A sexual assault prevention group is launching a college-themed guide for consensual sexual activity, hoping to inspire students to implement programs on their own campuses that will help encourage “the culture of consent.”
The online magazine includes profiles of college activists who are working to encourage healthy sexual relationships at their schools, quizzes to help readers assess how well their own university is handling these issues, information about federal laws that forbid gender discrimination in academic settings, and suggestions for campus events to spread the word about consent:
The group behind the magazine is FORCE: Upsetting Rape Culture, the same feminist activists who recently played an elaborate prank on Playboy Magazine. Last week, it appeared as though Playboy had released a “guide to a consensual good time,” choosing to emphasize sexual assault prevention in place of its traditional annual ranking of the country’s best party schools. But it was quickly revealed to be a fake — a parody site created by FORCE to get the Internet talking about consent on college campuses. To carry out the campaign, FORCE partnered with college activists who were in on the joke and who helped spread the fake guide among their peers.
FORCE says the reaction to the Playboy prank was so positive that it was clear students wanted real consent-themed materials. Not realizing it was a prank, hundreds of people praised Playboy in the comment section of the fake site, writing “Thank you” and “About time.” “The internet saw way more enthusiasm for the spoof ‘Ultimate Guide for a Consensual Good Time’ than for Playboy’s actual top party school list,” the group notes in a press release.
So the FORCE activists delivered. The 21-page action pack takes a similar tact as the fake Playboy guide did — colorful graphics, step-by-step guides, and a casual tone. For instance, college students can take a Cosmo-style quiz to assess how well their campus deals with issues of consent, and their schools will end up falling into categories like “Preaching to the choir,” “Consent is nice in theory, but gets lost in practice,” or “My school is a nightmare.” The magazine offers follow-up advice for each category. For the “nightmare” schools, students are directed to a later section that explains Title IX and provides an example of students who filed a formal complaint with the U.S. Department of Education over their university’s inadequate sexual assault policies.
The group is hoping their consent guide will inspire a new generation of activists. FORCE is also launching a “consent revolution” contest, encouraging college students to host creative consent campaigns and upload photos of them to the group’s Facebook page. The photo with the most “likes” by October 7 will win. “Your action could be a consent themed cheer at the Homecoming game’s half time! It could be a compelling poster campaign. It could be an instantly viral hash-tagged meme!” FORCE explains on its site.
As the issue of sexual assault on college campuses has remained in the headlines, FORCE wants to empower students to change the atmospheres at their own schools. The group believes that a student-driven movement will help combat the persistent rape culture that currently dissuades victims of sexual assault from coming forward. And ultimately, greater education about consent can help prevent sexual crimes from happening in the first place.

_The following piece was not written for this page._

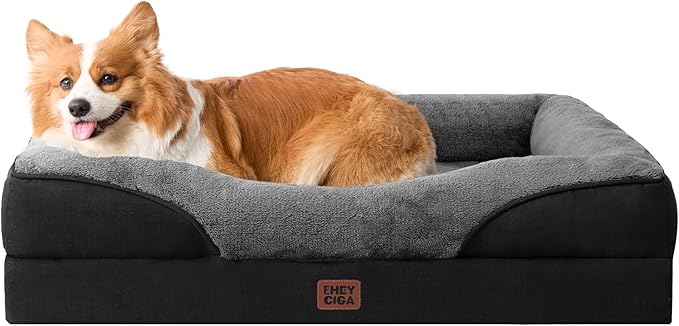 EHEYCIGA Orthopedic Dog Bed for Medium Dog, Memory Foam Dog Couch, Grey/Black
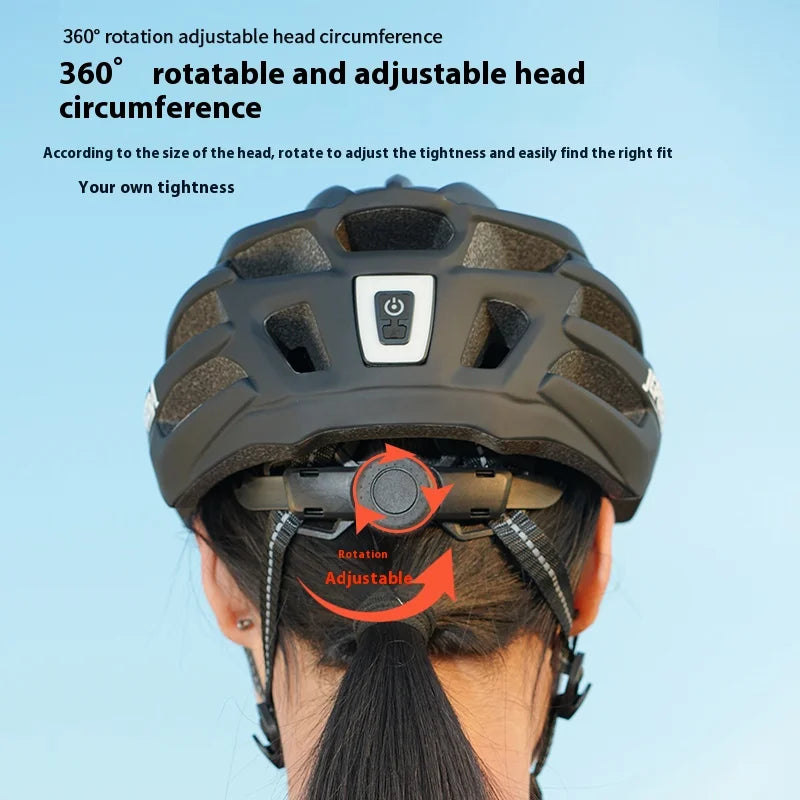 JEPOZRA Cycling Helmet Man Women LED Light Helmet Road Mountain Bike Helmet Bicycle Helmet Rechargeable Brim Design Helmet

“For consent to be a truly mainstream and common practice, it needs to be part of the sexual culture on college campuses,” Hannah Brancato, one of the co-directors of FORCE, noted in a statement accompanying the new project. “If you only learn about consent in an auditorium, it will be hard to put into practice in the heat of the moment. But if consent is also surrounding students in their party culture and in their social spheres, it is more likely to sink in. College students are the best people to teach other college students about how enthusiastic, consensual sex is the best sex.”